Solo quando Leoluca Orlando è stato rieletto sindaco nel 2012, il lavoro di una vita di Letizia è stato riconosciuto. E nel 2017, Letizia ha potuto realizzare il sogno della sua vita a Palermo: Nei Cantieri culturali della Zisa, il centro culturale in ex capannoni di fabbrica, ha costruito il Centro internazionale di fotografia, che non solo ospita mostre e workshop, ma anche l'archivio fotografico della città di Palermo.
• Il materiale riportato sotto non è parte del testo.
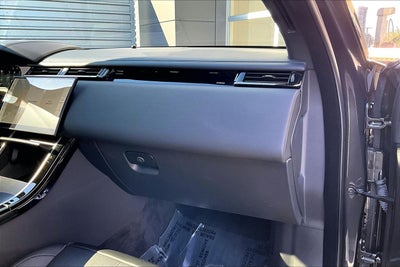 2026 Land Rover Range Rover Velar Dynamic SE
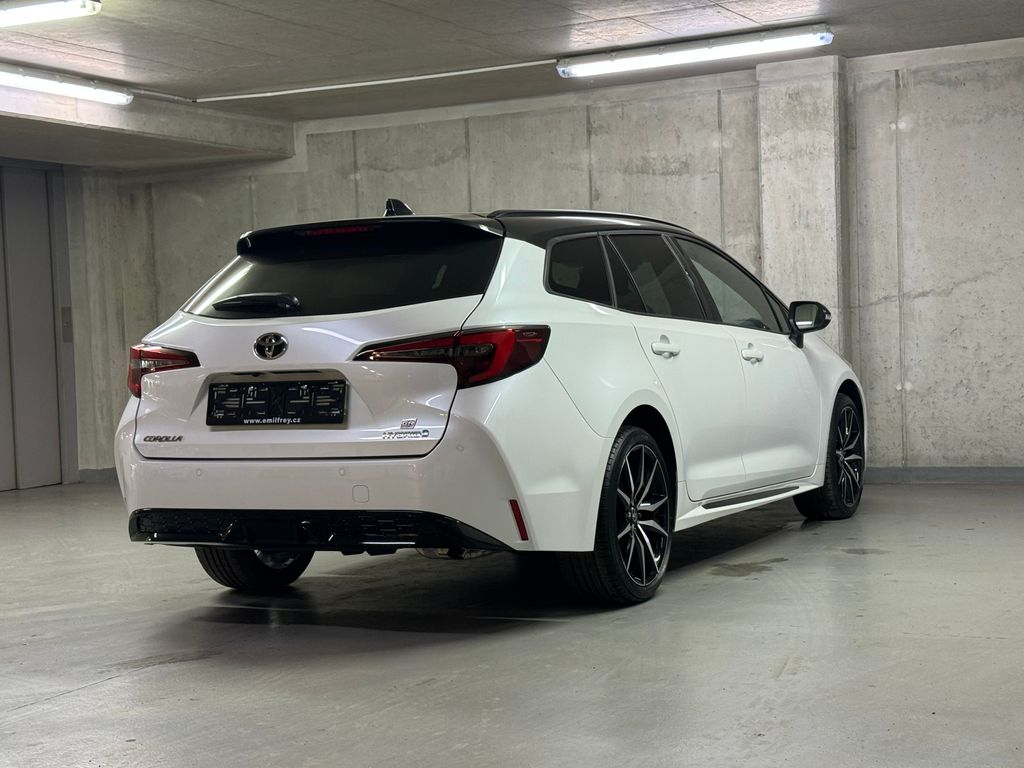 toyota-corolla-gr-sport-1-8-hybrid-e-cvt-gr - 4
Una volta che ho incontrato Letizia lì, in mezzo a una grande confusione, ha presentato la donna che aveva fatto da modella per lei da bambina e che è diventata un'icona della fotografia come la "ragazza con il pallone". L'immagine mostra una ragazza seria, pensierosa e malinconica con un pallone da calcio gigante. "Ogni volta che fotografavo le bambine, mi tremavano le gambe perché mi rivedevo sempre in loro, la bambina che ero stata, con quello sguardo sul mondo, tenero e allo stesso tempo serio, impeccabile", ha detto Letizia.
In quel momento ad Amsterdam, dopo la tavola rotonda, per espresso desiderio di Letizia, abbiamo fatto una passeggiata nel quartiere a luci rosse di Amsterdam sotto la pioggia. E non dimenticherò mai come Letizia continuava a chiamare "Ciao ragazze!" mentre passavamo davanti alle ragazze nelle vetrine.